Hugo Boss 24 hour record under threat
Contrary to the early forecast, so far the strong southerly winds have not yet abated for the leaders of the Europa Warm’Up race and so speeds have remained consistently high as the IMOCA Open 60’s plunge headlong towards the Fastnet Rock light. In these conditions the outstanding performer has been Bernard Stamm’s Cheminées Poujoulat which has been smoking, getting to within 10 miles of Alex Thomson’s 24 hour solo record.
Stamm is calculated to have made 457.7 miles point to point over the 24 hours to 1430 UTC this afternoon, and then 458.6 to 1730hrs, close to Thomson’s 468.72 mile record which he set in 2003 sailing up the North Atlantic. And there has been no let up in the ferocious pace with Stamm clawing back 10 miles today on leader PRB. Vincent Riou leads by just seven miles this afternoon ahead of the Swiss skipper, with Armel Le Cléac’h clinging on to third 20.9 miles behind PRB.
Stamm reported: “I am a bit surprised at my position, but at the same time really happy. I’d expected that it would drop away a bit, but that’s not happened so that is all good. The sea is better organised now, so you can keep speeds right up. The boat does stop in the short waves, and is suddenly covered with water. Every ten seconds the waves go right over the boat. But with the new coachroof I am well protected. Before that it was drysuit and a helmet. I managed to get some sleep, but 20-25 minutes at a time.”
Making over 25 knots in the sustained surfs, the pressure on the skippers and the boats is intense as they plunge into the back of the next wave, huge volumes of water sluicing over the deck. All of the skippers contacted today admitted some kind of wipeouts or sudden hand brake turns. This on-the-edge sailing is a taste of conditions they might expect in the Vendée Globe, a test for the skippers and their boats. And without doubt that there has already been damage in the fleet makes skippers have second thoughts about how hard they can press.
But their challenge here is to make such speeds and experiences feel like the norm. Stamm, for example, is absolutely one of the best, hard driving and skilled big winds and seas sailors there is – with two solo round the world race victories already to his name. But MACIF’s Francois Gabart admits that he is still very much on the upward learning curve sailing his IMOCA 60 solo in these conditions, and so he has been moving the cursor up as he learns. For him, speeds which seemed insane in the early hours of this morning, have likely begun to feel normal this afternoon. Man adapts to most things, they say, and before long the breeze will drop and 15-16 knots of boat speed will feel pedestrian.

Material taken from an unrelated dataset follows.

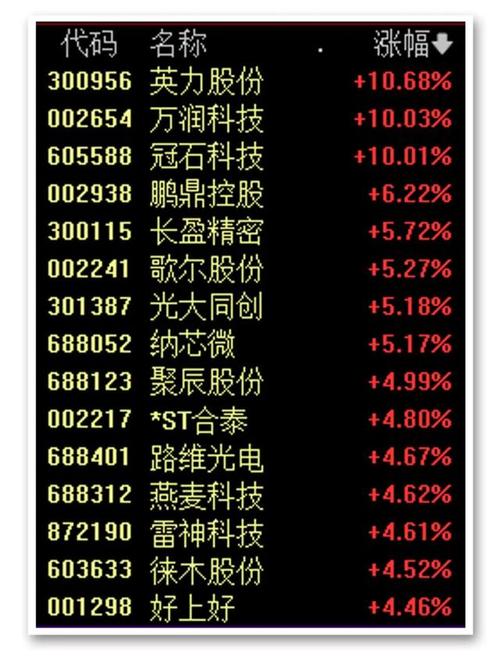 26萬股東又要失望了！芯片一哥”中芯國際營收首破500億，上市4年未曾分紅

“I am not going fast enough," admitted Gabart. "Compared with my competitors nearby, who have at least one lap of the globe under their belts, I am learning. I went up a bit and was suddenly I was making 16-20 knots, a bit less. We should continue fast to the Fastnet. You get used to speed, I was, like 'wahoo' at 20-21 knots yesterday and now you sit quietly watching the speedo hitting 23-24 knots.”
Of course it is a solo baptism of fire for Javier Sanso on ACCIONA 100% EcoPowered. While a highly experienced solo sailor and Vendee Globe competitor this is his first big race with his new Owen-Clarke design.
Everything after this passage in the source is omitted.